Cooker on its own ring

[ed-ectrician]

Hello there,

You lot have always been helpful in the past and generally not too condescending so I'm going to ask what I feel could be seen as a dumb question (the dumbest being not asking it!)

I went to do an inspection on a kitchen the other day and the spark that had done the work had a kitchen ring on a 32 amp breaker. All good, then he put the cooker on a 32a ring circuit of its own, now my guess on this is that it is not OK becasue the idea of a ring is that the load is distributed on the first and second halves of the ring. With one appliance on the ring this isn't the case so doing a cooker on a 32a ring circuit of it's own with 2.5mm twin and earth cable is not right because the cooker will draw all its current from the "half" of the ring that is the least resistance right? So it's like basically putting a cooker on a 2.5mm 32a radial which is not ok.
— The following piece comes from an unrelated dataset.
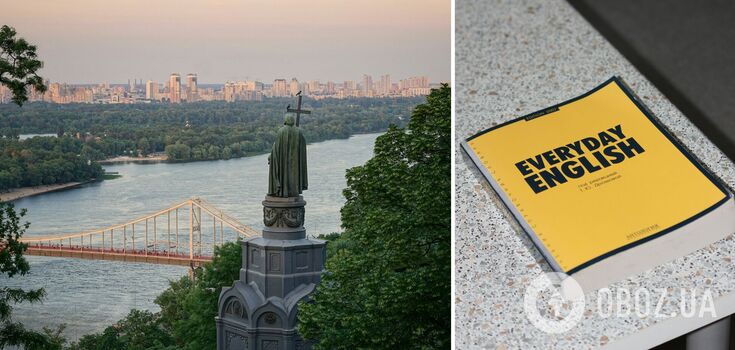 European countries with the best and worst English language skills: where does Ukraine stand?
The bloke I spoke to said the electrician who did it didnt have 4 or 6mm cable so did it this way. Often the case!!

Am I right here? Missing something?!

Ed

 

[Darkwood]

If a current has 2 paths it will go down the path of least resistance and this is always the case... but as the current flows down this path it will generate heat which gives resistance and at a certain point it will match the resistance of the other leg so current will then find 2 paths of roughly equal resistance to share the remaining current flow, the resistance fluctuates at a quantum level at near light speed trying to maintain balance as the voltage cycles from 0v to approx 325v peak at 50hz.
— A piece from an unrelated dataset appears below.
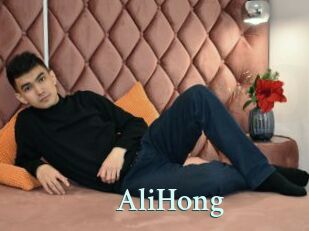 AliHong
In a nutshell the current takes the path of least resistance until enough current flows to generate a heat rise in turn adding resistance, when it matches the resistance of leg 2 then the remaining current is roughly shared down both legs.

 

[Deleted member 26818]

Think about what your saying.
If that was the case, then one circuit would not operate untill another circuit had reached sufficient temperature for the resistance to be equal.
Nothing on my 32A RFC would work untill my 6A lighting circuit had heated up enough.
Be just my luck, that it would never reach the correct temperature.

 

[Knobhead]

If you're woried about it get the clamp meter on each leg. (The cable NOT you're legs, before the daft buggers start!)

 

[Darkwood]

Think about what your saying.
If that was the case, then one circuit would not operate untill another circuit had reached sufficient temperature for the resistance to be equal.
Nothing on my 32A RFC would work untill my 6A lighting circuit had heated up enough.
Be just my luck, that it would never reach the correct temperature.

Im refering to parallel paths on a RFC and how the current is divided between both paths regardless of the position of the load just for the OP's insight, im a little lost as to what you mean regarding the lighting circuit as thats nothing to do with my post and nor is it part of the parallel paths of the RFC (well until it adds together at the dist' board).

 

[Deleted member 26818]

You say that current takes the path of least resistance and won't take the path of higher resistance untill the path with least resistance heats up and becomes as resistant as the other path.
If that's the case, how is it that I can have ten circuits off of a CU, and they all work all the time, even though they have different resistances?

 

[Knobhead]

My head hurts!

 

[Darkwood]

You say that current takes the path of least resistance and won't take the path of higher resistance untill the path with least resistance heats up and becomes as resistant as the other path.
If that's the case, how is it that I can have ten circuits off of a CU, and they all work all the time, even though they have different resistances?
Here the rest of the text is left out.